New Auschwitz trials 'set to fail'

19:00 | 27.08.2014
New Auschwitz trials 'set to fail'

New Auschwitz trials 'set to fail'

A new attempt in Germany to prosecute surviving former Nazis who served as guards at Auschwitz is set to fail, according to a special report in Spiegel magazine.

At least 1.1 million Jews were killed at Auschwitz, the largest of the Nazi extermination camps, alongside tens of thousands of gypsies, Poles and Soviet prisoners of war.

The bones of those killed in the gas chambers were sold as fertiliser, their ashes were used to build roads, and the women's hair was spun into yarn.

But of the 6,500 former SS men who served as camp guards at Auschwitz and survived the war, only 49 have ever been convicted in German courts.

In February this year prosecutors announced they were considering new cases against 30 former SS guards at Auschwitz, including some who were serving there in 1944 when the transport carrying the 15-year-old Anne Frank arrived.
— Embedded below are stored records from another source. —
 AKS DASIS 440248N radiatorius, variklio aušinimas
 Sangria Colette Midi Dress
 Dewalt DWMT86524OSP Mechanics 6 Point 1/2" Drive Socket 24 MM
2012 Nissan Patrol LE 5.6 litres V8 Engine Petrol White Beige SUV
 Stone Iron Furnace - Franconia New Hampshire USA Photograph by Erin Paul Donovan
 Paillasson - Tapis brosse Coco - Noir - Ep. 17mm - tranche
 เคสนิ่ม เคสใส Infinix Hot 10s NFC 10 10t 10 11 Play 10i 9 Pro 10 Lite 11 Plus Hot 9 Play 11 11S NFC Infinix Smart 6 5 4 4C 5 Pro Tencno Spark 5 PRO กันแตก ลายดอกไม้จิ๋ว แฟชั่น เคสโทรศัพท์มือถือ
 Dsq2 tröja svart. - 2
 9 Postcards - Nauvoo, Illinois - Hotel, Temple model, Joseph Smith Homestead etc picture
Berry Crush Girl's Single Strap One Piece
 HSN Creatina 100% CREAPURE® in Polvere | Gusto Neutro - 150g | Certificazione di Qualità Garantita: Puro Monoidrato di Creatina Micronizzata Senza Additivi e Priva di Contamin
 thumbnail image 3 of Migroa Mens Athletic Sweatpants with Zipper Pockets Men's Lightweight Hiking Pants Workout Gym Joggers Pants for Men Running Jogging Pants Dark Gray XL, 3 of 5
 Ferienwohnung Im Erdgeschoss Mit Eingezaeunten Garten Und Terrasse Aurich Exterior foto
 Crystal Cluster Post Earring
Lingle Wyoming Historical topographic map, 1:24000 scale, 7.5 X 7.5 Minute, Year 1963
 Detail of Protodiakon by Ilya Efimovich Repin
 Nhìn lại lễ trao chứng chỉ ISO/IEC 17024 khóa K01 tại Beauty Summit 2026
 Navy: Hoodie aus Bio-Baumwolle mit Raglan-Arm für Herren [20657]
But most of those cases have since fallen through: some of the suspects have died since February, others have been found too sick to stand trial, and one was found to have been already punished by a Polish court.

Prosecutors are now only considering cases against eight former guards, and only two are thought likely to come to trial.

It is the latest twist in the long saga of Germany's failure to bring those who served at Auschwitz to justice.

The notorious camp commandant, Rudolf Höss, was sentenced to death by a Polish court and hanged in 1947.

Auschwitz lies in modern Poland, and in the years after the war 700 former SS guards at the camp were tried and convicted in the Polish courts.

But only 49 have ever been convicted by German courts - 20 of them in the former East Germany.

In the 1960s, 17 former guards and others who worked at Auschwitz were convicted in a series of high-profile trials in West Germany.

But in 1976 a former SS sergeant was acquitted of driving 400 Hungarian children alive into a fire because the only witness could not be questioned.

And in 1982 a former SS guard who was stationed to prevent Jews fleeing as they arrived was acquitted on the grounds they didn't know what awaited them, so didn't try to escape.